The hunting knife passed within inches of Reed’s face, a wild swing, clumsy. Reed dodged backward, waited for the next attack, used his forearm as a shield to turn the blade aside and the crowbar to sweep his attacker’s feet out from under him and drove it down into the kid’s face, exploding his nose across his cheeks.

The small youth with the switchblade recovered and yelled as he attacked again, a frenzied stab. Reed dodged, invited another thrust, and brought the crowbar down hard onto the youth’s exposed arm, shattering bones. He screamed and dropped the knife, wrist and hand hanging limply from midforearm. Reed reversed his grip on the crowbar, swung it upward, cracking the youth under the jaw, the force lifting him off his feet and dropping him back to the ground in a silent heap.
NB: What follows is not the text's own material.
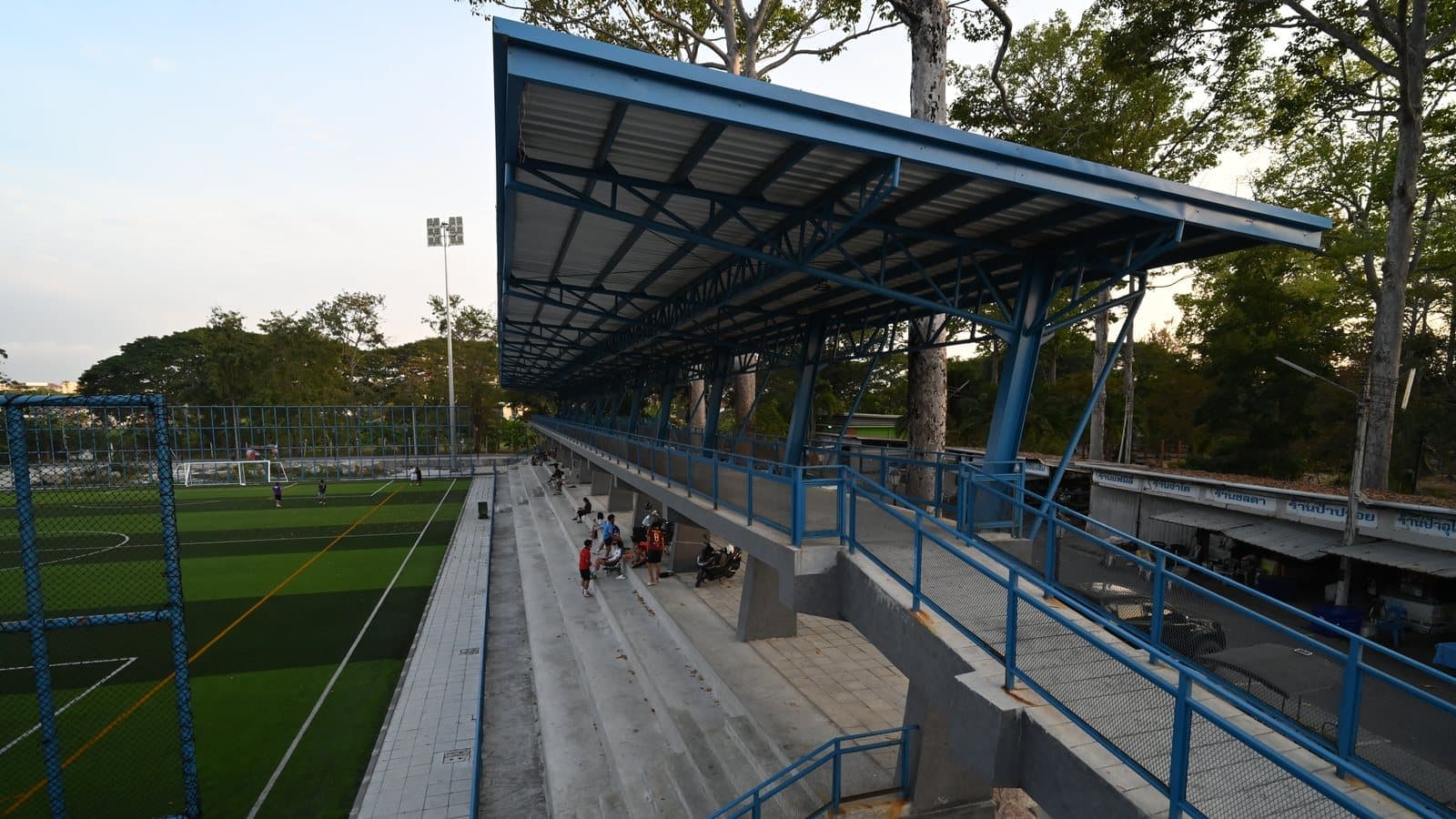 DZ6 2354 Empty bleachers and a covered grandstand overlook a quiet artificial turf sports field at dusk. File photograph. Foto d'archivio.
It was all over in less than seven seconds. Six lay on the wet ground, some completely still, others moaning and writhing. They would all live, but not as they used to. The others stood paralyzed in a mix of awe and terror. Reed looked at them for a moment. He knew he could pick up the Beretta and execute every one of them within a matter of seconds, but they were just idiot kids, and twelve gunshots would bring police officers. Half a beaten-up gang was attention enough without creating corpses. Besides, as things stood, even the ones he had not crippled would take the time to rethink their lives, and Reed felt almost proud of that public service.

He twirled the crowbar around his hand before handing it to a reluctant recipient. The youth took it, grimacing, feeling the wet blood and skin of his gang mates matted to the metal. Reed straightened down his jacket and eyed those who were lucky enough to still be vertical.

“Move.”

They parted reverently to let him pass.